In mid-March I found an article about the Japanese government granting one-year temporary resident status to Noriko Calderon, a Japanese-born Filipino girl. Noriko's parents, facing deportation for being undocumented workers, thought it was better for their daughter, who speaks only Japanese, to stay in Japan and continue her middle school. I was shocked by the news because Noriko was born and raised in Japan. She said she loves this country; still, the government treated her like an "alien."

My first reaction was to ask the justice minister, "Why does Noriko need a special permit to stay in her country of birth?" Sure, one could argue that she is of Filipino ancestry, but for that matter, all the children born to Japanese parents in Brazil, America, Canada, Peru, Australia or France are of Japanese ancestry. Yet, nikkeijin have been accepted as full members of other societies. The largest of these foreign communities are in Brazil, the United States and the Philippines. Descendants of emigrants from the Meiji Era still have recognizable communities in those countries. Some have even become lawmakers in their country of birth or adoption.

By contrast the government in Japan persistently maintains a racist and xenophobic system under which people who fulfill every internationally accepted qualification for citizenship are denied it. There is a real lack of political push in this fight. The majority of Japanese people firmly believe that the key to Japanese identity is in the blood. A few open-minded lawmakers are willing to grant citizenship to anyone born in Japan and to allow dual citizenship for those with foreign-born parents, but the idea is always opposed by most conservative politicians. They argue that Japan, unlike America or Canada, is not a country of immigrants. The Liberal Democratic Party goes even further to the right: It says Japan is an ethnic Japanese nation. That, however, is no longer the reality.

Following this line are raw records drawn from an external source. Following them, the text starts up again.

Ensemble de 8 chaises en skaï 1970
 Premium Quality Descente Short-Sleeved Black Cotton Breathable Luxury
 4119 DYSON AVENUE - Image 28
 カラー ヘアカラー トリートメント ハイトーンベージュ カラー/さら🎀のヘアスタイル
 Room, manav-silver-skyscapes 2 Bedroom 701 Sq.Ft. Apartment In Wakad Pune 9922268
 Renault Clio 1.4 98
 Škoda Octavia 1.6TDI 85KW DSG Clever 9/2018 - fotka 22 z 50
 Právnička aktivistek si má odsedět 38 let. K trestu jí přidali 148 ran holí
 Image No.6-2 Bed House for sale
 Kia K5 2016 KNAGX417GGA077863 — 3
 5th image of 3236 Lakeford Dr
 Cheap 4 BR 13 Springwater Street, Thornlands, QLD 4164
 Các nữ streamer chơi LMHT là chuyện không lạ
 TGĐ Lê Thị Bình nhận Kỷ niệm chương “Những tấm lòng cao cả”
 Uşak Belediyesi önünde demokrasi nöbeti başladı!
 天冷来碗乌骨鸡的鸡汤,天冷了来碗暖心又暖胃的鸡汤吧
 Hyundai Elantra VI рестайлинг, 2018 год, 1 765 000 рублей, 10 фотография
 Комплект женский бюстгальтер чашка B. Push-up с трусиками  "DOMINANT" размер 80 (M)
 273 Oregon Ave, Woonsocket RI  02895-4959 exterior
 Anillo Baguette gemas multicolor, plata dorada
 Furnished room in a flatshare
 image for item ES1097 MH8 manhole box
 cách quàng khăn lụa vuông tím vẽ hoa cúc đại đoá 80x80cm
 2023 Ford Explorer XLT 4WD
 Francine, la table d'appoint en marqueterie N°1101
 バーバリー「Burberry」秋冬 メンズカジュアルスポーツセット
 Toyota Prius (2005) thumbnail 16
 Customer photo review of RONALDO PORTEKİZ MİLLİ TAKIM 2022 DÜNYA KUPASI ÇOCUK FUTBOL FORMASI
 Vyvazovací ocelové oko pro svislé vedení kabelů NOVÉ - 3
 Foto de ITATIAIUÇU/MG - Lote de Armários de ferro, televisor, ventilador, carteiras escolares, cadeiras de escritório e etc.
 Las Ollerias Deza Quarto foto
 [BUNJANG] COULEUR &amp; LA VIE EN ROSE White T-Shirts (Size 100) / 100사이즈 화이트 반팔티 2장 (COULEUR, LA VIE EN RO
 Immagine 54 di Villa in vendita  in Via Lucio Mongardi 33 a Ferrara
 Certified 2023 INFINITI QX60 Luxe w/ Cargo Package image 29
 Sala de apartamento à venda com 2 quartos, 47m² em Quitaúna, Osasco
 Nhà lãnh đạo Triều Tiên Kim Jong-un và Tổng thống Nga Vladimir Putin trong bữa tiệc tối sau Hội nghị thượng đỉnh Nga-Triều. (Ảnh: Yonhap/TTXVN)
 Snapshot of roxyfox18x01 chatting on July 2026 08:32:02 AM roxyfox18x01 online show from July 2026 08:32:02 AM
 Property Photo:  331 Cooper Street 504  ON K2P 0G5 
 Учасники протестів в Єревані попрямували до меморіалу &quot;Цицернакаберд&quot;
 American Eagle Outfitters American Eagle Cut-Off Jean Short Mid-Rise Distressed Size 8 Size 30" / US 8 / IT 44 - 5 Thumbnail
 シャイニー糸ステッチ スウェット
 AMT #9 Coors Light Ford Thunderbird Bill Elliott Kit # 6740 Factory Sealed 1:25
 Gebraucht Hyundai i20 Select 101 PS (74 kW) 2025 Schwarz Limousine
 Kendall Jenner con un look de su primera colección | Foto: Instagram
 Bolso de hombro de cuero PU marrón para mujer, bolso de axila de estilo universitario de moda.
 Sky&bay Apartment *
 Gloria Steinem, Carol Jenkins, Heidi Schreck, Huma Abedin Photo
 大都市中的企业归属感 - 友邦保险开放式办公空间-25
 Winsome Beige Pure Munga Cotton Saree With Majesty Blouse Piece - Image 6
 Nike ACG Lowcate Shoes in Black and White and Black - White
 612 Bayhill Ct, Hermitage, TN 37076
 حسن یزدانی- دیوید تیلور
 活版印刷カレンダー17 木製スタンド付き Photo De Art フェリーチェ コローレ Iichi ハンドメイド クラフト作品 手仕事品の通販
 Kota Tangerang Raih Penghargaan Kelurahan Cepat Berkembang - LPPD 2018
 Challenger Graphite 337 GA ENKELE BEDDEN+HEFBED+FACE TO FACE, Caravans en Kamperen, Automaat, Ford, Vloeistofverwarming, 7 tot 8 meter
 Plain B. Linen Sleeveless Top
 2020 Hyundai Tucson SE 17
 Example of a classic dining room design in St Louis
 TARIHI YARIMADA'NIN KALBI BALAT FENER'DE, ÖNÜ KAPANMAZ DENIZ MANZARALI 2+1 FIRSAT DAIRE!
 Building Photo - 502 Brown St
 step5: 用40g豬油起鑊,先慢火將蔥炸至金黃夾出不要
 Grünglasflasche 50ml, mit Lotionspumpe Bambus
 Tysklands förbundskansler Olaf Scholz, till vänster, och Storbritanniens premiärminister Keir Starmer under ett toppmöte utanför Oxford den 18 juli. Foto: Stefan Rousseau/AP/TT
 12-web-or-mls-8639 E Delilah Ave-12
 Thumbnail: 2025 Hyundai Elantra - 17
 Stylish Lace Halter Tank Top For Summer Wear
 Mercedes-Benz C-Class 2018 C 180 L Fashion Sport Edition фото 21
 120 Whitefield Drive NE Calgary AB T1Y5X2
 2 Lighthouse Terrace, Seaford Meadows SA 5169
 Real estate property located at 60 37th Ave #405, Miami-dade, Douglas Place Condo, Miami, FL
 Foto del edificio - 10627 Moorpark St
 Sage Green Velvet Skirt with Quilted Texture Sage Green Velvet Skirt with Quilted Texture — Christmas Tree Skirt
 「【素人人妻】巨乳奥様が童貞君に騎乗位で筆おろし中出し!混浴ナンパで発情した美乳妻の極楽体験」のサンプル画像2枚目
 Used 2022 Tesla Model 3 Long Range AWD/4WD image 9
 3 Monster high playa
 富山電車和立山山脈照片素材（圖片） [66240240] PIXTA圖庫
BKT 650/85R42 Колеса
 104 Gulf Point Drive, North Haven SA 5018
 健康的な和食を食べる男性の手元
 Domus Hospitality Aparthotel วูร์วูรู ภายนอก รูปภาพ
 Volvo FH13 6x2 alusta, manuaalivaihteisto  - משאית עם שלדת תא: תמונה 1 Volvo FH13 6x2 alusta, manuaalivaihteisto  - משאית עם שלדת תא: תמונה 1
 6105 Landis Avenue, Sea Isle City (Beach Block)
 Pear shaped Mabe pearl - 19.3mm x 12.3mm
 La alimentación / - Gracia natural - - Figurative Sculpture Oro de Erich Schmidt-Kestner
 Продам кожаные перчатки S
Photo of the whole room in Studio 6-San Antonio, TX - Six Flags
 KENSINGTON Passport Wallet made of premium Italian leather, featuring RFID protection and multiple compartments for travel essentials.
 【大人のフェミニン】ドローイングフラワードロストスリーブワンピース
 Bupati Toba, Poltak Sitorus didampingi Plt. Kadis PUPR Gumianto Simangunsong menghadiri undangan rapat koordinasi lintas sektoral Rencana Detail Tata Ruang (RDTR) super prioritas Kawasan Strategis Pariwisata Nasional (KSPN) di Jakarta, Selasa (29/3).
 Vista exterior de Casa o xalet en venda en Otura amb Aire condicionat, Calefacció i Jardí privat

The country still has no law regulating immigration. Many new babies born in Japan are not Japanese. The largest group of foreigners are ethnic Chinese and Koreans, but these people, who pay taxes and often feel more Japanese than Chinese or Korean, can become Japanese citizens only with great difficulty.

Redefining Japanese citizenship by birth or choice — instead of by blood — will encourage Japanese people to accept foreigners. It would provide relief for millions of people now destined to live in a country where they will never fully belong.